Quite often older stands of alfalfa will be left to go to seed after the third cutting in a dry year. That's when you want have bees there. Owners often look for bees to help with pollination during this time too. A good seed crop can be lucrative for both bee owners & farmers.


----------



## mnbeekeeper (Jun 30, 2010)

farmers here are on the 5th cutting. been a great year for growing it here but not making honey off it. we have heavy soil so we need hot and dry to make honey. some bee yards in sandy soil like roland spoke of did good this year while most in heavy soil did not do as well. only two days in the 90s here all year.


----------



## RAK (May 2, 2010)

We have bees on both irrigated and dry. Still have honey coming in from the irrigated fields while the dry fields couldnt come back from the drought. Not a bee on the flowers in the dry. Last year was opposite.


----------



## Ian (Jan 16, 2003)

Alfalfa makes beautiful honey to winter on, yards around alfalfa winter nicely.


----------



## dkdusey (Apr 3, 2014)

Thanks for all the information. I think I am going to try it this year, but only with a couple of Hundred Hives.. see if it makes them stronger Hives going into Pollination, from the alfalfa fields rather than the warehouse. these fields produce 7 crops a year and are less than 1000 ft. in elevation. I am also hoping to see how they do with the surrounding Desert vegetation, and see what the soil is like. the extra Bonus is that it secures my Hives for the Pollination of the Seed in the spring as well. I know I should know this, but still no one has mentioned How many hives would be too many in that area. I have looked around and don't see any other hives. these fields are isolated in the Desert with no other fields in the area, and the landowner said there is no other bees. I will double verify that Personally before bringing the bees down. any other ideas or suggestions??


----------



## Riskybizz (Mar 12, 2010)

I have 4 yards scattered of about 12 hives in each yard right in the middle of irrigated alfalfa fields along the Rio Grande River here in N.M. It is surrounded by desert. Most of my white sweet clover has finished up and the bees have been on the alfalfa now for a couple weeks. I had shallowed most of the hives with two boxes of drawn comb above an excluder a couple weeks ago. Its interesting that this year I have seen field after field not cut in full bloom now for quite some time. Its unmistakable even at a great distance. In years past they usually get 5 cuts with the last crop going to seed. We have had a great deal of rain here since mid-July, so perhaps the fields have been too wet for them to cut in some cases.  This past Saturday I went through 3 of the yards and pulled 18 boxes of capped alfalfa honey.
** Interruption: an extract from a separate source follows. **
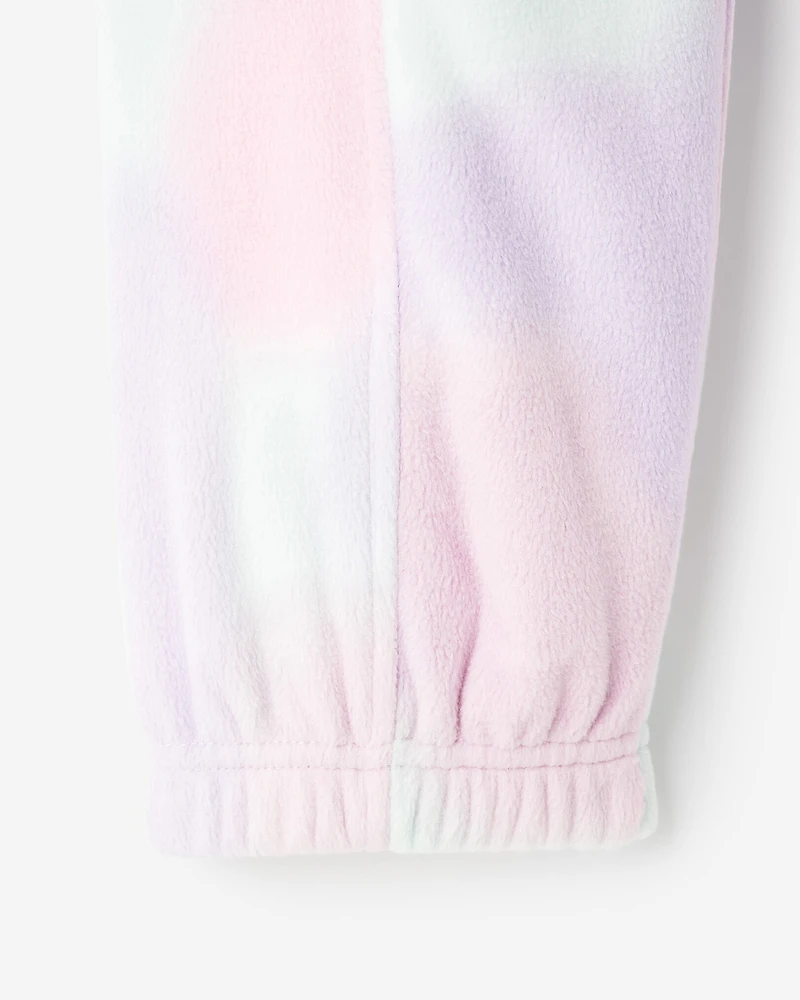 Pantalon sport en micromolleton pour enfants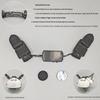 Gravity-Sensing Rechargeable Cat Ear Headband with Movable Fox Ears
The honey this year is quite light, much lighter than amber. As my beekeeping is mostly limited now to weekends I really do need to get back out there and pull the rest and get that wet comb back on them. I have pulled over a ton so far from just those yards at that location. I am on tribal lands and I am the only beekeeper there.


----------



## Bradley_Bee (May 21, 2008)

Im curious to know where this location is? not that I want to take bees there, just that I'm in the desert and wondering.


----------



## Riskybizz (Mar 12, 2010)

The Rio Grande river provides irrigation for agricultural areas from the Taos basin all the way to Las Cruces at the Mexico border with most cash crops being alfalfa. Tribal lands are also dispersed along this corridor as that is where they chose to settle many years ago. I am fortunate to keep bees on tribal lands as most anglo outsiders are not welcomed. Along with alfalfa as a cash crop the Indians also grow a lot of corn and vegetables, mainly squash and melons. In years past they realized that these vegetable crops have been failing to produce in abundance. I made a presentation years ago regarding the benefits of having honeybees on their lands to pollinate their crops. The relationship is now one of mutal respect of their lands and the bees as a valuable resource. This narrow strip of land is in some places no wider than a mile along the river. Everything else is hills and desert.


----------